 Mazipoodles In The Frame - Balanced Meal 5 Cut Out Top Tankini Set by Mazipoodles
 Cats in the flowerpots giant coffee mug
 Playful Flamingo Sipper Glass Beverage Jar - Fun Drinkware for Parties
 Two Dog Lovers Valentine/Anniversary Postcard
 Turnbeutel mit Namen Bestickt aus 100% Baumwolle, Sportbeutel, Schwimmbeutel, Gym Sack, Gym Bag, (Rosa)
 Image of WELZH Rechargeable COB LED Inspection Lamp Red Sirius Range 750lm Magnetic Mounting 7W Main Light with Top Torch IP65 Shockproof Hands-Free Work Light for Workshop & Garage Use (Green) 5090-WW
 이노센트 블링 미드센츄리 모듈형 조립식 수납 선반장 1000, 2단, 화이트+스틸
+++
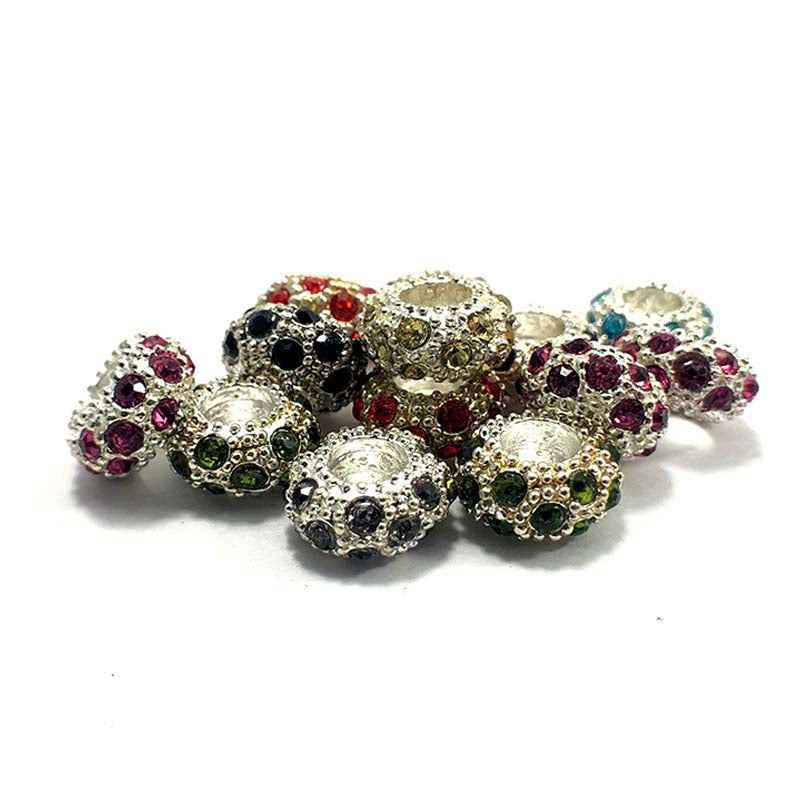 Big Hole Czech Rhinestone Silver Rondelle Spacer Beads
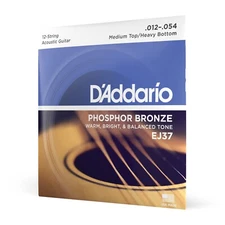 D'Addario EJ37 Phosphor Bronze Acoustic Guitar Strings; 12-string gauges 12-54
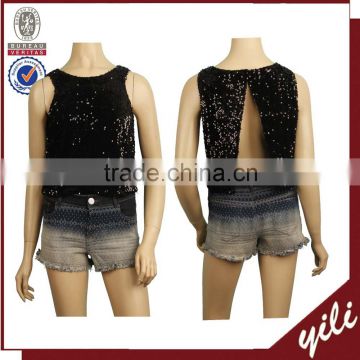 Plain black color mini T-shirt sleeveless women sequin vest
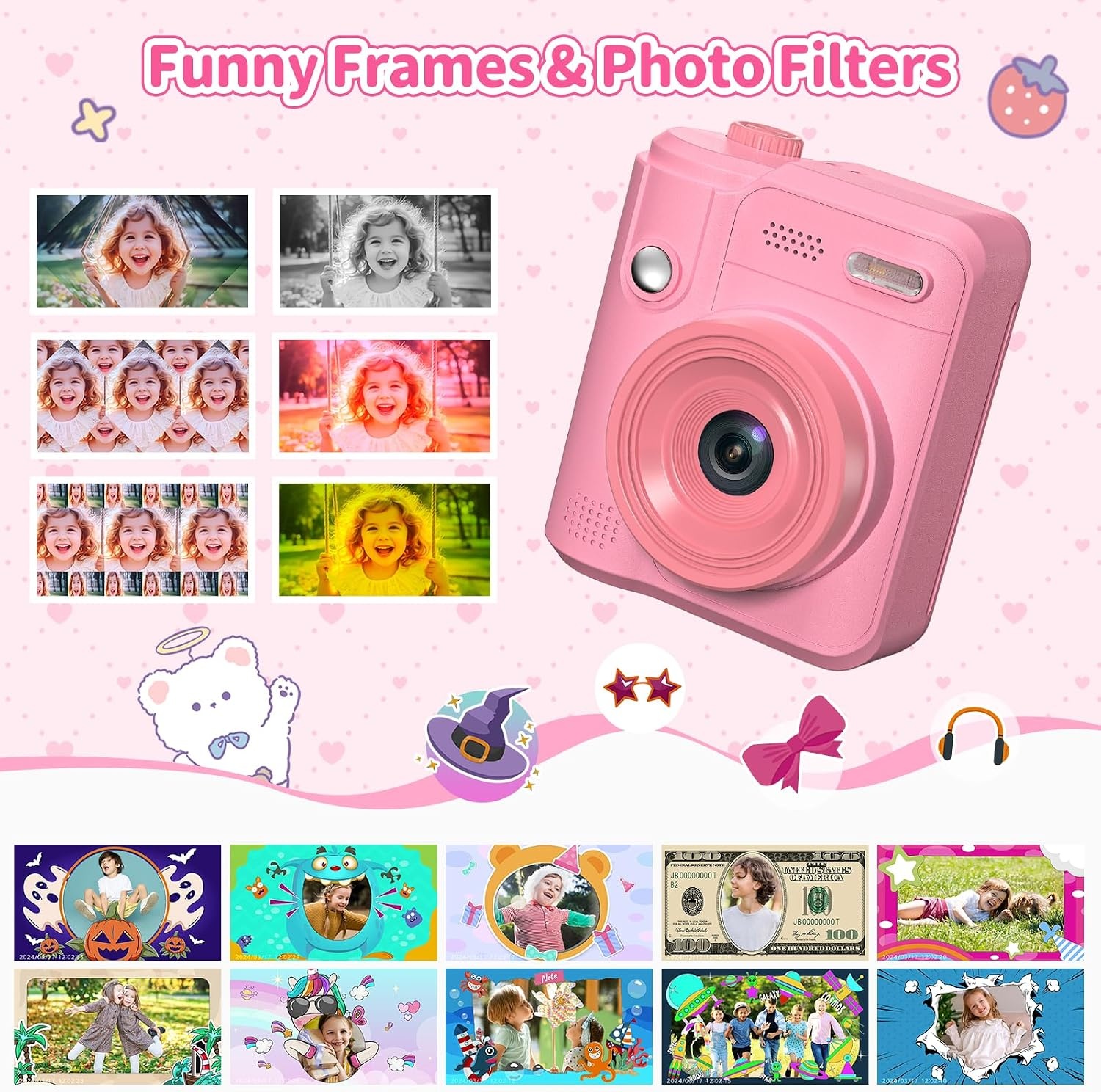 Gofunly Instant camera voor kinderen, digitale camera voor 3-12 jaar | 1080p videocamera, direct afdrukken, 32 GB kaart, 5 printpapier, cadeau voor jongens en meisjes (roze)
+++
WHAT YOU SHOULD DO:
From the material above, set down exactly the lines starting at the one with "Playful Flamingo Sipper" and ending at the one with "Turnbeutel mit Namen", end lines included.

SOLUTION FOR THIS EXERCISE:
 Playful Flamingo Sipper Glass Beverage Jar - Fun Drinkware for Parties
 Two Dog Lovers Valentine/Anniversary Postcard
 Turnbeutel mit Namen Bestickt aus 100% Baumwolle, Sportbeutel, Schwimmbeutel, Gym Sack, Gym Bag, (Rosa)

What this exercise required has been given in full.